The board unanimously voted at a special teleconference meeting to award the contract to the lowest bidder, River City Construction LLC of East Peoria, Ill.
The bidding opened July 18, said Kathy Mangels, vice president of finance and administration with the university. Six bids were received, and she said four were within $650,000 of each other.
Based on the lowest bid, she said the total project cost would be just short of $25 million -- higher than the university expected. She said architects and engineers that have been working with the university since the project began last October explained that costs for certain materials had escalated, resulting in a higher cost.
The board in February approved issuing bonds to finance the project. Mangels said the total funding from those bonds was about $23.6 million, leaving a shortfall of about $1.4 million.
The university has done "value engineering," she said, to cut costs and keep the project within budget. Mangels said meetings also have been held with the architects and River City Construction to come up with more cost-cutting ideas.
The university will cover the remaining shortfall by using funding from previous construction projects that were completed under budget, Mangels said. These sources total $3.5 million, she said, which would cover the shortfall and allow for an 8.5 percent project contingency.

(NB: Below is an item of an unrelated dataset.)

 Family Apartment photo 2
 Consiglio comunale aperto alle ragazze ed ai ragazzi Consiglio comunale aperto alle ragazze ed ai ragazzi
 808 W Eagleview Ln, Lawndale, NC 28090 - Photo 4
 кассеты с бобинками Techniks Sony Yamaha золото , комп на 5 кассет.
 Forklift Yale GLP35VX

Mangels said she believes River City Construction, which has in the past performed renovations for the university, has a full understanding of the project and will not experience any major problems in construction.
"They did renovations for Magill Hall, so they've worked with aggressive time frames and are familiar with doing work while keeping part of the building open," she said. "I feel comforted that we've really gone through a lengthy value engineering process and the contractor can meet the time frame and do quality work."
Mangels also said the construction company will subcontract work such as painting and paving to local contractors.
Once the expansion is finished, the 93,745-square-foot, three-story building will house enough space for 184 beds, a dining space that seats 120 people, 13 faculty offices and studios for art and dance. The university hopes to have the project finished by July or August of 2014.